■ Work required
Start to finish, print the data below exactly, without the images.
=== Dataset records ===
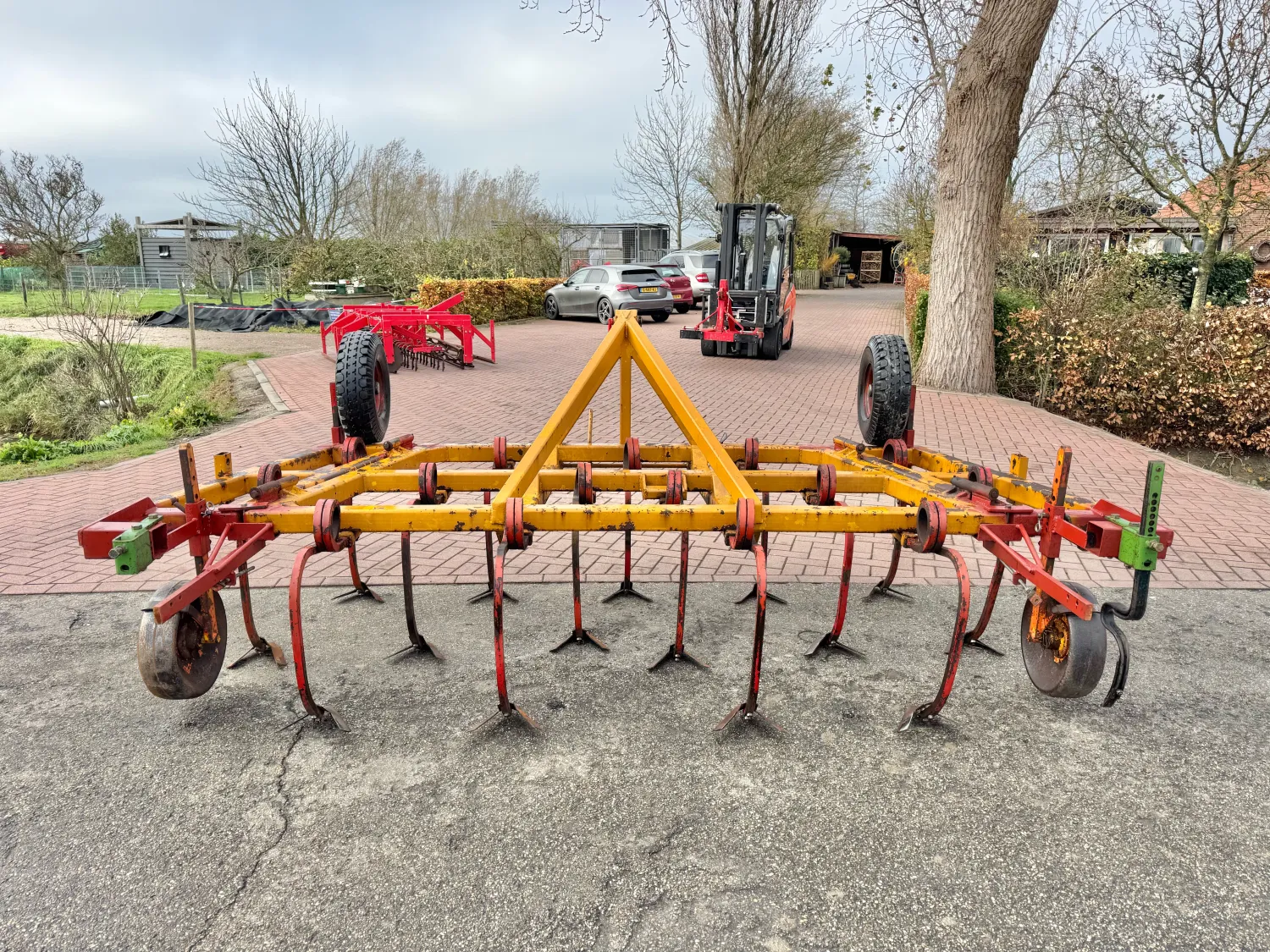 Meijer Vibrating Tine Cultivator - 3m - Stubble Cultivation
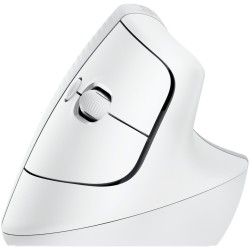 Buy Logitech Lift for Mac - Vertical Ergonomic Wireless Mouse - Off-White, 6 But... in Cyprus, Nicosia, Limassol, Larnaka, Pafos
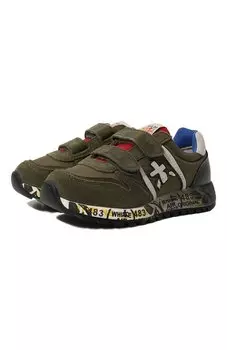 Комбинированные кроссовки Sky Premiata will be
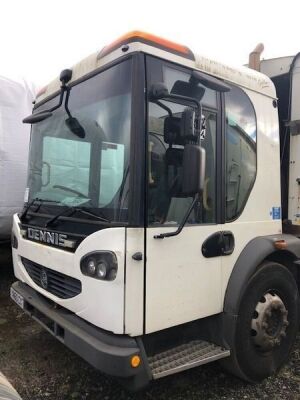 2011 Dennis Elite 2 6x4 Rel Bin Wagon  - 2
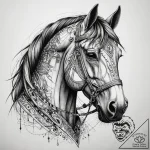 A trash polka composition of officer k’s wood… – tattoo sketch (№1751306442_0, 30.06.2025 18:00) — tattoovalue.net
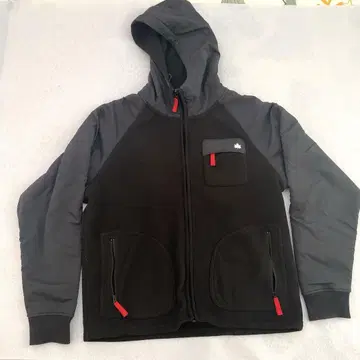 LOGOS 플리스 자켓 L 사이즈 블랙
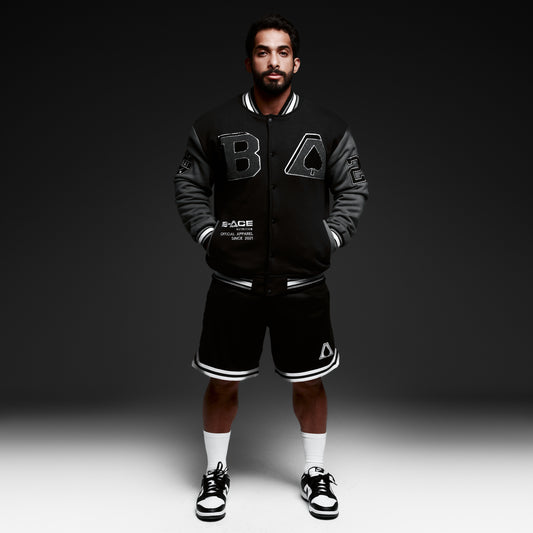 Baseball Jacket | Black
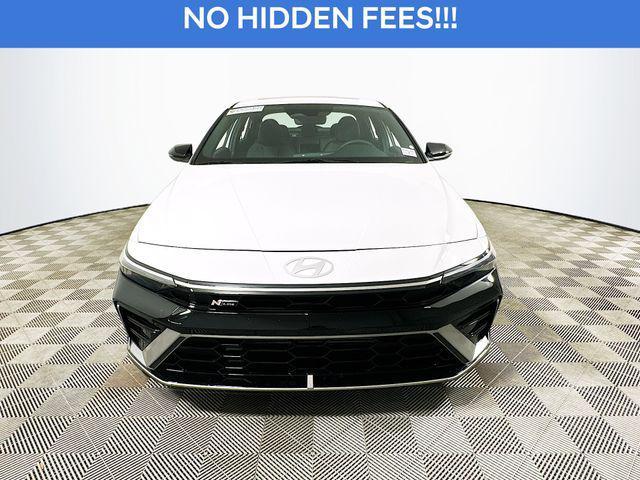 used 2025 Hyundai Elantra car, priced at $25,094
===
■ Your response
 Meijer Vibrating Tine Cultivator - 3m - Stubble Cultivation
 Buy Logitech Lift for Mac - Vertical Ergonomic Wireless Mouse - Off-White, 6 But... in Cyprus, Nicosia, Limassol, Larnaka, Pafos
 Комбинированные кроссовки Sky Premiata will be
 2011 Dennis Elite 2 6x4 Rel Bin Wagon  - 2
 A trash polka composition of officer k’s wood… – tattoo sketch (№1751306442_0, 30.06.2025 18:00) — tattoovalue.net
 LOGOS 플리스 자켓 L 사이즈 블랙
 Baseball Jacket | Black
 used 2025 Hyundai Elantra car, priced at $25,094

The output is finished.